Clement is one of 25 men to accomplish the feat. But the Frenchman is an even more unique case. He is one of just two players–Slava Dosedel is the other–to have done it twice! A year after his US Open run, he beat Lleyton Hewitt, Marat Safin, and Murray again (also charted by Edo) to win the Washington title.
Dosedel is the only man to have done this on multiple surfaces. He won the 1996 Munich title with wins over Boris Becker and Carlos Moya on clay. Then he defeated Jim Courier and Pat Rafter at the 1999 Adelaide event, before–get this–losing to Hewitt.
Clement and Dosedel both came along in the right era for this: 24 of the 27 instances took place between 1995 and 2006. The only example since 2006 took place at the 2018 Australian Open, when Hyeon Chung knocked out both Novak Djokovic and Daniil Medvedev.
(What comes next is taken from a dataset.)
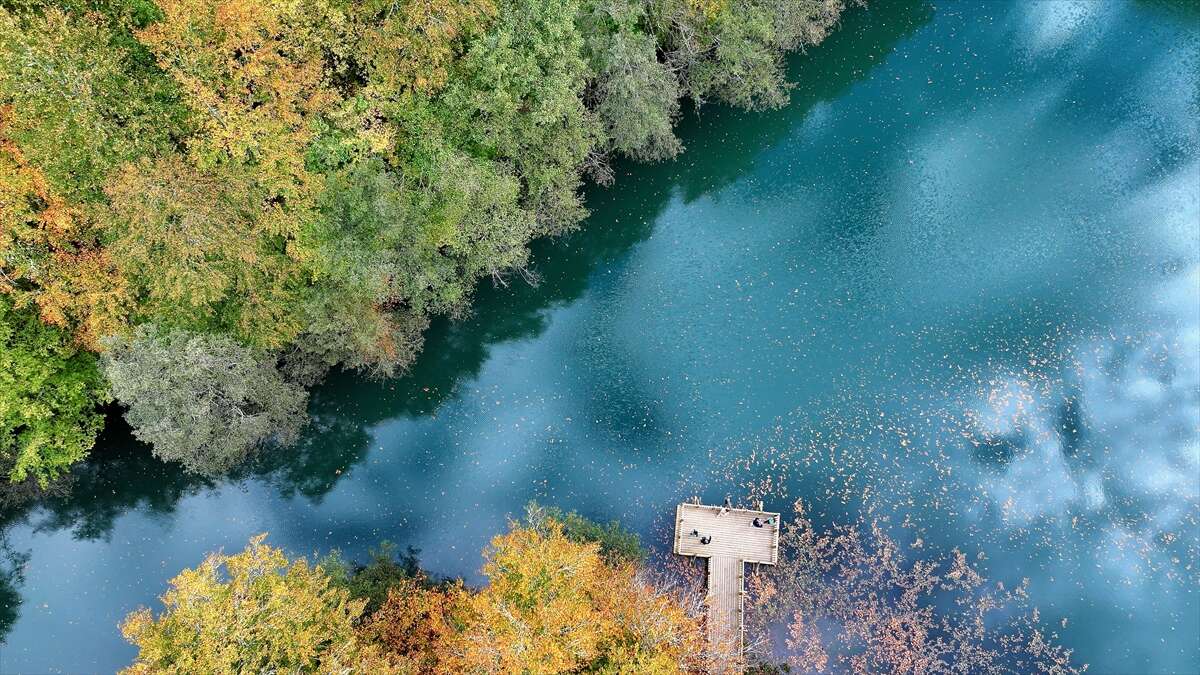 Yedigöller'de görsel şölen zamanı geldi! Sarı, kızıl ve yeşilin eşsiz uyumu 45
Most impressive of all is a run you’ve surely heard about before. Goran Ivanisevic claimed the 2001 Wimbledon title as a wild card, with wins against former number ones Moya, Rafter, and Safin, plus a victory over future number one Andy Roddick. That single tournament–not to mention Goran himself–continues to be the trivia answer that keeps giving.